Mötley Rocker Pleads Innocent

Vince Neil enters not guilty plea to misdemeanor battery charge stemming from April nightclub incident

By Joal Ryan Sep 29, 2002 11:45 PMTags

Vince Neil is an innocent man.

At least that was the plea entered on his behalf in a Beverly Hills court on Friday. The Mötley Crüe frontman stands accused of pummeling a music producer outside a nightclub last April.

Neil, 41, was not present for Friday's courtroom action. Perhaps that's because he was busy prepping for his close-up in the upcoming WB reality series The Surreal Life.

In the show, likely to debut at midseason, Neil will join about a half-dozen other semi-celebs (such as the long-ago star of TV's Webster) in a Big Brother-esque cohabitation experiment. The semi-celebs will live in a house together for two weeks; we, the audience, will watch their filmed exploits.

It's not known when Neil and his comrades will do the roomie thing. Producers, though, may want to keep one date in mind: November 19. That's when Neil is due back in court for a pretrial hearing on the nightclub incident.

A warrant was issued for Neil's arrest in August. According to prosecutors, on April 28, Neil exited a car at the Rainbow Room in West Hollywood, walked up to producer Michael Schuman, who was standing outside the club, and "slugged him several times in the face."

The slugging part of that account comes from Schuman's attorney. Trent Copeland tells Los Angeles' City News Service the attack was "unprovoked." He also says his client, who has worked with the likes of Little Richard and Pat Boone, didn't even know Neil.

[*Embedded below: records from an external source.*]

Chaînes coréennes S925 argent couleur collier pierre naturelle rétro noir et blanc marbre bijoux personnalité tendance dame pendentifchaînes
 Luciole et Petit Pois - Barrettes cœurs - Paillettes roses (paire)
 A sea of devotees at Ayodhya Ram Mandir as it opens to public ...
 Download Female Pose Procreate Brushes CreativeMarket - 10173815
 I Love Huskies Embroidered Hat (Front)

Schuman sustained a broken elbow in a fall to the ground during the alleged attack, Copeland says.

Neil's camp, meanwhile, has called the charges "ridiculous" and maintained that the "Girls, Girls, Girls" man will be "fully exonerated."

Neil's Mötley life dates back to the early 1980s, when he hooked up with the likes of Tommy Lee and Nikki Sixx to crank out such hits as "Dr. Feelgood" and "Shout at the Devil" and provide plenty of material for The Dirt, the 2001 autobiographical tell-all tome about the oft-fractious band. While still with the Crüe, Neil has been playing solo gigs of late--a recent one, in August in Colorado, ending when someone apparently threw something at the stage, prompting Neil to exit the building.